Redefine Properties interim income grows 4%
Redefine Properties (JSE: RDF) which said last week that Sipho Pityana had replaced Marc Wainer as its chair, today reported that it had increased its interim distribution below inflation by 4 per cent to 49.2 cents
But its rival and the largest listed real estate group on the JSE, Growthpoint Properties, reported 5.9% dividend growth for the six months to December.
For six months which ended 28 February 2019, Redefine's internationally held assets contributed 25.4% to income during the period, with total assets under management increasing by R500m to R99.2 billion.
Offshore expansion of R1.9 billion was achieved, of which R500 million was invested into the Polish logistics platform. The local portfolio also received a significant portion of the development spend at R1.3 billion.

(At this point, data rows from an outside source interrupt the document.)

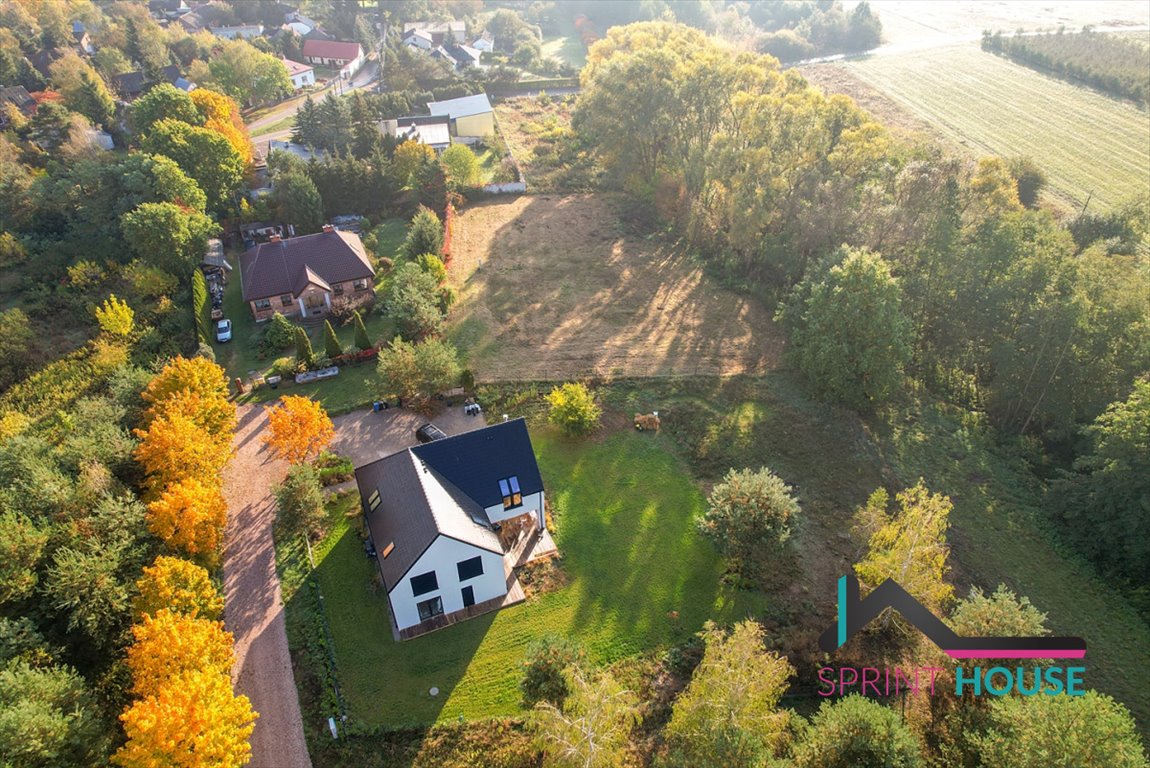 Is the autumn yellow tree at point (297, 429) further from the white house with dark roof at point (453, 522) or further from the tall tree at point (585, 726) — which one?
the tall tree at point (585, 726)

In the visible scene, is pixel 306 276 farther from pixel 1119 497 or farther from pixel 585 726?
pixel 1119 497

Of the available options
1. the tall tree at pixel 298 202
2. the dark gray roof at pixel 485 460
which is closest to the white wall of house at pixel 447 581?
the dark gray roof at pixel 485 460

In South Africa, the vacancy rate rose to 5.7% from 4.5% as vacancies rose in the student accommodation portfolio.
While the build-up to South Africa's election on Wednesday "has been quite smooth", Konig says confidence needs to return in SA to encourage future growth.

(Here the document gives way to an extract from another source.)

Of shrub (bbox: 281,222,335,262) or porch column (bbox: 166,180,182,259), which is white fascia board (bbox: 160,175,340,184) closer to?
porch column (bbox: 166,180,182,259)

"Business and consumer confidence are low and this places strain in certain areas, such as the office and retail markets. Confidence will return once there is improved policy certainty. However, if there is any benefit from the election outcome it will probably only be evident in 2020/21 as opposed to the 2019 financial year," says Redefine CEO Andrew Konig.

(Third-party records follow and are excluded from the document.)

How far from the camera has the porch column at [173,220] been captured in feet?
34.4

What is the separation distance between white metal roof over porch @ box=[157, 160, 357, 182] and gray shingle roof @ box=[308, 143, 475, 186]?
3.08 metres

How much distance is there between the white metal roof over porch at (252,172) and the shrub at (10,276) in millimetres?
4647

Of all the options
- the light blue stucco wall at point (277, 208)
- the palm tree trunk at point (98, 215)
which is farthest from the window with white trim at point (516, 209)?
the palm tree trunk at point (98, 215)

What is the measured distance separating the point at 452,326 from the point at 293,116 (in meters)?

Redefine's market guidance is that the distribution for the full year will be similar to first half growth of 4% subject to conditions not deteriorating any further than they already have.
"Maintaining operating margins is challenging in current conditions and improving quality of earnings is an ongoing theme. However, we managed to maintain our active portfolio margin at 82% in very competitive trading conditions, with tenant retention remaining at a high at 96.6% of leases renewed," says Konig.
CFO Leon Kok says the loan to value ratio - the ratio of its loans to property related assets - increased to 42.3% in the first half and in order to reduce this, Redefine will be considering equity funded asset acquisitions on a nondilutive earnings basis, while also actively managing recycling activities to fund the development pipeline.
He says interest rates were hedged on 79.2% of total debt and refinance terms for all near- term debt maturities had been agreed. "Our funding strategy has focused on protecting our balance sheet and optimising cost of capital. Responsible balance sheet management remains a top priority," says Kok.
In a move to bolster corporate governance and enhance diversity, the highly respected Sipho Pityana joins the Redefine board as independent non-executive chairman to replace Marc Wainer.
"We have been working on a smooth transition and succession plan for more than a year and are truly delighted to welcome someone of Sipho's caliber to our board. At the same time, we are fortunate to retain Marc Wainer as an executive director as we continue to tap into his vast knowledge, having been through a number of property cycles, and his deal-making skills," says Konig.
Head of research at Anchor Stockbrokers Craig Smith said Redefine’s dividend growth rate was at the lower end of its guidance, but that was expected given tough conditions in SA.
“Overall, it’s more or less in line with guidance but does again highlight the weak local property fundamentals. Their offshore investments have definitely contributed positively to performance, especially EPP NV in Poland,” Smith said.